Wales on Sunday visited the mammoth home furnishings store in Cardiff to see how many desks and plants we could buy for £25,000.
Opting for the most costly desks available - at £155 - the Assembly could have bought 101.
And £9,000 would have bought 900 of the most expensive plants - or 9,000 of the cheapest.
Jeff Baldry, IKEA's small business manager in Wales, said: "We'd be delighted next time to be given the chance to set these people up with a much better deal in furnishing their offices. £15,700 seems an awful lot for a desk."
FIRST, they splashed out £41m on Wales' new seat of power.
Now, the National Assembly has blown £15,700 on a desk to match.
And not content with wasting your money on a flashy front counter, they've also forked out £9,000 on plants for the courtyard of the new building in Cardiff Bay.
The figures, released to Wales on Sunday under the Freedom of Information Act, landed the Labour-run government in hot water last night. Critics accused the administration of getting its priorities wrong - for buying the desk when it was not prepared to help two Bridgend furniture factories belonging to Christie Tyler which went bust in July, and for going plant shopping just 18 months after a bitter funding battle with the National Botanic Gardens.
The desk, made by construction giant Taylor Woodrow, which is building the headquarters of Wales' devolved Government, is made up of six workstations for receptionists and public information staff. It has a steel frame, with translucent laminated glass panels on the front face, and a work surface made of Welsh slate.

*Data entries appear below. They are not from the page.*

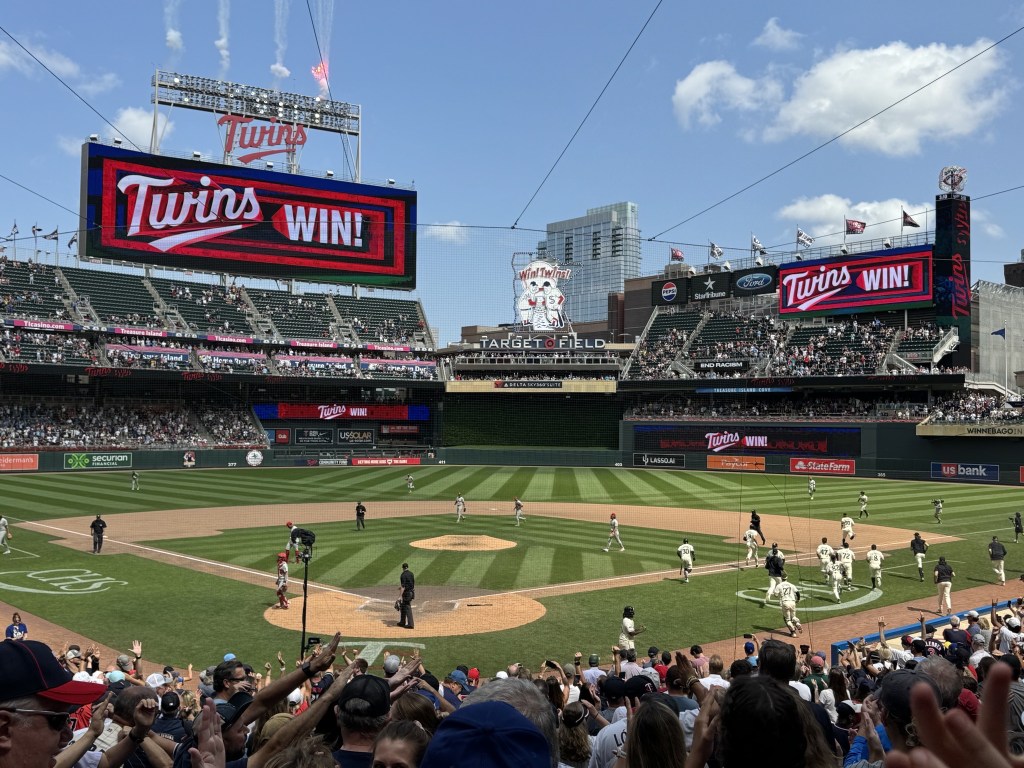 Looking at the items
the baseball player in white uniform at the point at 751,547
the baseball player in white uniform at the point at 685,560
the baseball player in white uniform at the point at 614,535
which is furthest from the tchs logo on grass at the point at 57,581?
the baseball player in white uniform at the point at 751,547

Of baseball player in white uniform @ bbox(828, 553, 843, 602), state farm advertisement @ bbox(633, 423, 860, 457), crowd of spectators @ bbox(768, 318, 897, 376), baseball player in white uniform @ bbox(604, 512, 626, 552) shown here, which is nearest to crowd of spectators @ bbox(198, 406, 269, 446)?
state farm advertisement @ bbox(633, 423, 860, 457)

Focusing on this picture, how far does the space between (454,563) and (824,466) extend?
127 feet

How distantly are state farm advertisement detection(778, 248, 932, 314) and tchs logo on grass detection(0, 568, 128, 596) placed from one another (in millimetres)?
57662

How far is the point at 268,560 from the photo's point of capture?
25906 mm

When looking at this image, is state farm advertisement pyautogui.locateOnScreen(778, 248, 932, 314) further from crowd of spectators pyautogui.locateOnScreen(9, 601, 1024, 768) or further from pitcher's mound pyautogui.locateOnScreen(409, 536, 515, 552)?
crowd of spectators pyautogui.locateOnScreen(9, 601, 1024, 768)

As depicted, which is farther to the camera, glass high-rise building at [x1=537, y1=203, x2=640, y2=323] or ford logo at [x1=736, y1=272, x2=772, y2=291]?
glass high-rise building at [x1=537, y1=203, x2=640, y2=323]

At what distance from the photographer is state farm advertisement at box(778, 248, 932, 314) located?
5994cm

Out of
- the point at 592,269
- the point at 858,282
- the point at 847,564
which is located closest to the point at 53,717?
the point at 847,564

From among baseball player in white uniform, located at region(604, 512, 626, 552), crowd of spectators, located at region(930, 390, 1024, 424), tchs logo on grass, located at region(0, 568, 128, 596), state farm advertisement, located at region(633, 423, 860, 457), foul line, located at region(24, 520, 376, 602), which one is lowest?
foul line, located at region(24, 520, 376, 602)

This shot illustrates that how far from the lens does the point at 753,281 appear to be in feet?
236

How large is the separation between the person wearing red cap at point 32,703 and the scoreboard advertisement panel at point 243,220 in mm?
65091

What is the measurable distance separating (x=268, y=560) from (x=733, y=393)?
48.3 m

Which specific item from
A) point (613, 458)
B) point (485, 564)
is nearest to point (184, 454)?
point (613, 458)

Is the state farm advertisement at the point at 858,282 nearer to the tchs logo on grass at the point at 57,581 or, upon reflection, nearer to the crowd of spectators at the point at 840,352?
the crowd of spectators at the point at 840,352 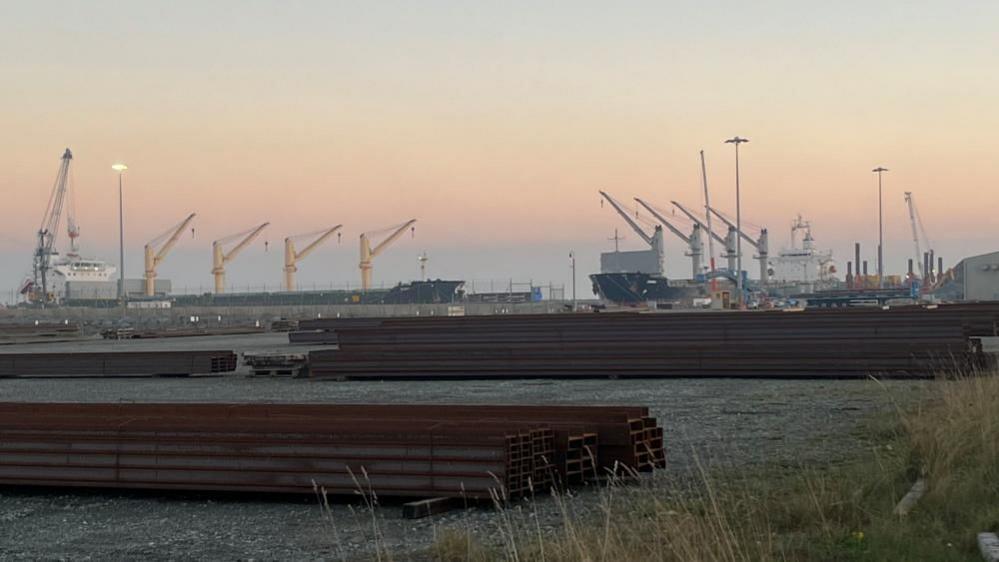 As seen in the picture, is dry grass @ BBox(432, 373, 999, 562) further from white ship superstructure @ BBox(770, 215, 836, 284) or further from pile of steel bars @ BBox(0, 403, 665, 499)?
white ship superstructure @ BBox(770, 215, 836, 284)

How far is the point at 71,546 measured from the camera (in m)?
8.55

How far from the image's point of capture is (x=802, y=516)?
313 inches

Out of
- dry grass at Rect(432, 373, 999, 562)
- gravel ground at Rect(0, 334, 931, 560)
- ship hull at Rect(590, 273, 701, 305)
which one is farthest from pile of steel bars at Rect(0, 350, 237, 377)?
ship hull at Rect(590, 273, 701, 305)

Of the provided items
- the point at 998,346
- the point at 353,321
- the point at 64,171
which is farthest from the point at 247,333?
the point at 64,171

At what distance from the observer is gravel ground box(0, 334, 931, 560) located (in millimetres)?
8336

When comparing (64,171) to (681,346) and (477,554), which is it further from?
(477,554)

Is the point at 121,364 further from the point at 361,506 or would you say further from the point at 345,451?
the point at 361,506

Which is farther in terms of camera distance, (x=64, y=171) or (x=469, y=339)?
(x=64, y=171)

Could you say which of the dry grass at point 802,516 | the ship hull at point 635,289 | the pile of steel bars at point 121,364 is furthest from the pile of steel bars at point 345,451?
the ship hull at point 635,289

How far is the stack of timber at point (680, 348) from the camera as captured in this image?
74.9 feet

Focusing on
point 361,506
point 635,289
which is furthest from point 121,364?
point 635,289

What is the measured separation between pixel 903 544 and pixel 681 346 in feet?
58.7

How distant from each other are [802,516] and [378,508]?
147 inches

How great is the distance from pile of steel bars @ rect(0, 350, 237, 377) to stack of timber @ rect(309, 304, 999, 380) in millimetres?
3442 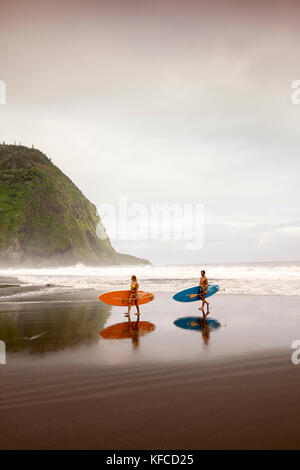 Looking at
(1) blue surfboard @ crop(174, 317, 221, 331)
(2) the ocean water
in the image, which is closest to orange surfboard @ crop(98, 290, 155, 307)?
Answer: (1) blue surfboard @ crop(174, 317, 221, 331)

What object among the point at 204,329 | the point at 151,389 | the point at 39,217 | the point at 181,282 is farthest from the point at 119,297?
the point at 39,217

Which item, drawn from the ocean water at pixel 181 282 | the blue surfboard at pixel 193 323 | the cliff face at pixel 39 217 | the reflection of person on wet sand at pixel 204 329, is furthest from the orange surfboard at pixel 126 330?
the cliff face at pixel 39 217

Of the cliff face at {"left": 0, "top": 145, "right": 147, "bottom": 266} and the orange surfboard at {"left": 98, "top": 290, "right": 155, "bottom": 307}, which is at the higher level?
the cliff face at {"left": 0, "top": 145, "right": 147, "bottom": 266}

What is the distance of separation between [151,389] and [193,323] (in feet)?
18.9

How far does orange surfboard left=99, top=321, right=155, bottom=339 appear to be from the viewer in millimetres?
8570

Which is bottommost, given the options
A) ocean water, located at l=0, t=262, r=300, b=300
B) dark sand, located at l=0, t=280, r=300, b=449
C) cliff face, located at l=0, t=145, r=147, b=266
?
ocean water, located at l=0, t=262, r=300, b=300

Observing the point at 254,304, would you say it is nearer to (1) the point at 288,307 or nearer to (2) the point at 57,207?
(1) the point at 288,307

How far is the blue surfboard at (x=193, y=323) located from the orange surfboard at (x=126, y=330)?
3.33 ft

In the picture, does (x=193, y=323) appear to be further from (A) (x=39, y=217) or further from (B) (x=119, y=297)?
(A) (x=39, y=217)

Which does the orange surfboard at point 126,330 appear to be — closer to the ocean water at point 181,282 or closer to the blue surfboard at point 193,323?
the blue surfboard at point 193,323

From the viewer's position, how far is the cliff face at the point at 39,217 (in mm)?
78375

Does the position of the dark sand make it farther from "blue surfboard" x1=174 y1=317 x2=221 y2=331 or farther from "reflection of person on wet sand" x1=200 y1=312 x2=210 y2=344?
"blue surfboard" x1=174 y1=317 x2=221 y2=331

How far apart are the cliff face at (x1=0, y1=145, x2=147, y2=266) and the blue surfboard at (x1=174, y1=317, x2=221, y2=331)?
7182cm

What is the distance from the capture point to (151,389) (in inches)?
187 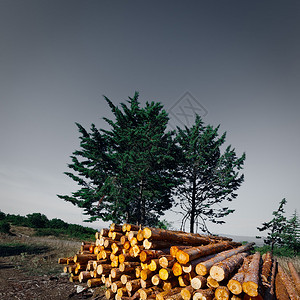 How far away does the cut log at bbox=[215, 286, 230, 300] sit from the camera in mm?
3316

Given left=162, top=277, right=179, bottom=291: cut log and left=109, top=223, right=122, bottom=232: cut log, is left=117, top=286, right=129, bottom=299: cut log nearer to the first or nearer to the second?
left=162, top=277, right=179, bottom=291: cut log

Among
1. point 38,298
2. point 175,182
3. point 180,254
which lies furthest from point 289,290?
point 175,182

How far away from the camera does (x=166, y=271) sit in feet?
13.9

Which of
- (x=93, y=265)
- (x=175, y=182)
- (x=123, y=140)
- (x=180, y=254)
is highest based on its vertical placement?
(x=123, y=140)

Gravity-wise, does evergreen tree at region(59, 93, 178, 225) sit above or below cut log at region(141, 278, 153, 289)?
above

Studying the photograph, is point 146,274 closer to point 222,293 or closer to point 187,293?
point 187,293

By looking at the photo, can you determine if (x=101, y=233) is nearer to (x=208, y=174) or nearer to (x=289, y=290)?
(x=289, y=290)

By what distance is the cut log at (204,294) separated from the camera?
3.44 m

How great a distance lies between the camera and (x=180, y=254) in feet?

Last month the Assembly's Presiding Officer Lord Dafydd Elis-Thomas said the £300,000 bill for modern art to decorate the debating chamber was an "integral part of the structure of the building".
Defending the £25,700 splurge, an Assembly spokesman said: "The desk will serve as a focal point for visitors entering the main public space." No mention was made of the 'touchy-feely' landscaping costs.
Leading the criticism, Tory leader in the Assembly Nick Bourne said: "The same Labour Assembly Government needed to be dragged kicking and screaming into giving money to the Botanic Gardens but now manage to spend £9,000 on plants. They're not going to Do-It-All, are they?
"£900 may be acceptable, but £9,000 - my God, no. It's too much."
He added it was ironic Assembly bosses were buying flash furniture just days after 200 furniture makers in Bridgend lost their jobs.
Plaid Cymru's Shadow Social Justice Minister Leanne Wood said: "They say that money doesn't grow on trees, but clearly Labour thinks it does.
"Every time New Labour defends this kind of spending they must realise that to most people it seems excessive."
The spending was also attacked by the Forum of Private Businesses, which represents small businesses in Wales.
Spokesman Ben Pinnington said: "Business owners will view this appalling waste of hard-earned taxpayers' money with complete and utter contempt.
"The Assembly is living in a bureaucratic bubble a million miles away from the harsh realities of the business world. A world where lack of care with money leads to businesses going bust. The Assembly desperately needs to show it lives in the real world."